En realidad, un nuevo contrato social para nuestro país debería tener como una cuestión axial el objetivo de igualdad. América Latina es un continente paradigmático en cuanto a desigualdad, y eso no puede quedar excluido, ni tampoco en el margen de los temas a ser convenidos. El objetivo planteado por parte del frente político que ganó las elecciones incluye un Pacto que se propone la recuperación del salario con respecto a las pérdidas sufridas en los últimos años, y un fortalecimiento aún más enérgico para los sectores de ingresos más bajos, castigados y marginalizados. A la vez, que entiende la necesidad de incluir un pacto de precios y salarios, para reducir y detener la inflación, porque la entiende como producto de las decisiones empresarias en una economía concentrada y/o como resultado de la puja distributiva entre empresarios y trabajadores. Lo que inevitablemente implica incluir las decisiones sobre temas de la empresa privada en el acuerdo a celebrar. La diversificación productiva, la integración nacional, el ataque a las diferencias de riqueza entre regiones del país, deben ser parte del contrato social nuevo, en el que la esfera pública de decisiones debe ampliarse, no reducirse. Es el espíritu democrático del paradigma rousseauniano de la voluntad general.

El planteo de un acuerdo de políticas macroeconómicas al estilo del Consenso de Washington, como un acuerdo necesario del sistema político que incluya a todos los partidos, no puede leerse sino como un intento de chilenización de la institucionalidad argentina. En los tiempos en que ese paradigma está sometido a la impugnación de la ciudadanía en el país donde impera.

El planteo del final del texto de Llach destila la expansión del lenguaje mercantil a la esfera de la política, pues cierra diciendo que “el gran desafío será lograr amplios y certeros acuerdos, ojalá basados también en un nuevo sistema de partidos competitivos”.

La cuestión de los partidos competitivos pertenece a las ideas que plantea Schumpeter en Dos conceptos de democracia.
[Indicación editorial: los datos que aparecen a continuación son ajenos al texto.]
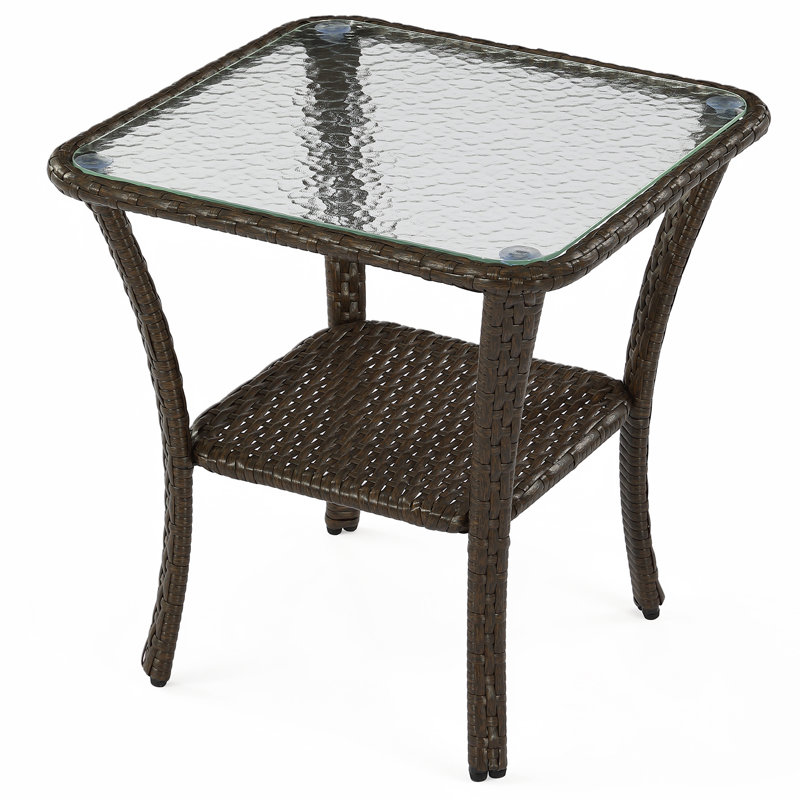 Hand-woven Pe Rattan Double-layer Side Table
Desplazan al ciudadano como sujeto de la política, asumiendo ese rol los políticos profesionales, transformando la práctica de la política para concentrarla en la competencia entre los aspirantes a obtener la confianza y la preferencia del elector. Un mercado de candidatos y de consumidores-electores.

El contrato social como propuesta de un proyecto popular debe ir en una dirección contraria, estimulando la construcción de ciudadanía en el sentido más amplio de la misma, que excede la representatividad, con el impulso de formas participativas y de lógicas de movilización popular que no contradicen la democracia, sino que la fortifican y enriquecen.